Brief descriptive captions

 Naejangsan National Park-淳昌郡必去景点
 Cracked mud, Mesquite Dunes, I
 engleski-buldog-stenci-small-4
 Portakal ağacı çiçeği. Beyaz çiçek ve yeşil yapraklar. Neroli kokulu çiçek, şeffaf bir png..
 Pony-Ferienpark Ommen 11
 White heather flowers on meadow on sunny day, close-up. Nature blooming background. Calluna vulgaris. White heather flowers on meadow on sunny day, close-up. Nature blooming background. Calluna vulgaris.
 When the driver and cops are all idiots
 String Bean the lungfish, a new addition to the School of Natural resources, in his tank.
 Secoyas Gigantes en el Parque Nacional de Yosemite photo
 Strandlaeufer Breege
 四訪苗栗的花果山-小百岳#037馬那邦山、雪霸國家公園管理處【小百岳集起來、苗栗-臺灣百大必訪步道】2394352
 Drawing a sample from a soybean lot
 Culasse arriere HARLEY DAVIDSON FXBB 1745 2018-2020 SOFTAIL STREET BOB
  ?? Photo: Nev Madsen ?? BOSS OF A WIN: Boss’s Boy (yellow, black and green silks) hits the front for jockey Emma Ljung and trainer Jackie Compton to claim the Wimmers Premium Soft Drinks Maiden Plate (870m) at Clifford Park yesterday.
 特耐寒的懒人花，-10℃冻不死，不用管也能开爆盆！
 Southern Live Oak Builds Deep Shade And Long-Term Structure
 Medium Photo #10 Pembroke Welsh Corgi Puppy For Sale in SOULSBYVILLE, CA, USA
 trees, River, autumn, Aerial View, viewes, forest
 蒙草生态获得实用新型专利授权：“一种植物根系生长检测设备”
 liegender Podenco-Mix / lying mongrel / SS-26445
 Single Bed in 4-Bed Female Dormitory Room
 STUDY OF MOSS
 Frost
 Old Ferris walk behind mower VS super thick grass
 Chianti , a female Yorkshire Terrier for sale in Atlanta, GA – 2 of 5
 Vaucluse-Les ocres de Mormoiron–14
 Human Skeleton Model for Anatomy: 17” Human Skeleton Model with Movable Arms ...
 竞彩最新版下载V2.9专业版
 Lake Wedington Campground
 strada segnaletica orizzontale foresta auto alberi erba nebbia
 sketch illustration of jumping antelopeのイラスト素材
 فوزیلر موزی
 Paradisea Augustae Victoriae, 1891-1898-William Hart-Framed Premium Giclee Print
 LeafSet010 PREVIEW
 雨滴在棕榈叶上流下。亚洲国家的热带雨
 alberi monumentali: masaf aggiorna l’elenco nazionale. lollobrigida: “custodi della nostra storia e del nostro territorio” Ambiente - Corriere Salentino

# Task requirements
Give back, word for word, only the lines above from the line holding "String Bean the" to the line holding "liegender Podenco-Mix /", both included.

# Answer
 String Bean the lungfish, a new addition to the School of Natural resources, in his tank.
 Secoyas Gigantes en el Parque Nacional de Yosemite photo
 Strandlaeufer Breege
 四訪苗栗的花果山-小百岳#037馬那邦山、雪霸國家公園管理處【小百岳集起來、苗栗-臺灣百大必訪步道】2394352
 Drawing a sample from a soybean lot
 Culasse arriere HARLEY DAVIDSON FXBB 1745 2018-2020 SOFTAIL STREET BOB
  ?? Photo: Nev Madsen ?? BOSS OF A WIN: Boss’s Boy (yellow, black and green silks) hits the front for jockey Emma Ljung and trainer Jackie Compton to claim the Wimmers Premium Soft Drinks Maiden Plate (870m) at Clifford Park yesterday.
 特耐寒的懒人花，-10℃冻不死，不用管也能开爆盆！
 Southern Live Oak Builds Deep Shade And Long-Term Structure
 Medium Photo #10 Pembroke Welsh Corgi Puppy For Sale in SOULSBYVILLE, CA, USA
 trees, River, autumn, Aerial View, viewes, forest
 蒙草生态获得实用新型专利授权：“一种植物根系生长检测设备”
 liegender Podenco-Mix / lying mongrel / SS-26445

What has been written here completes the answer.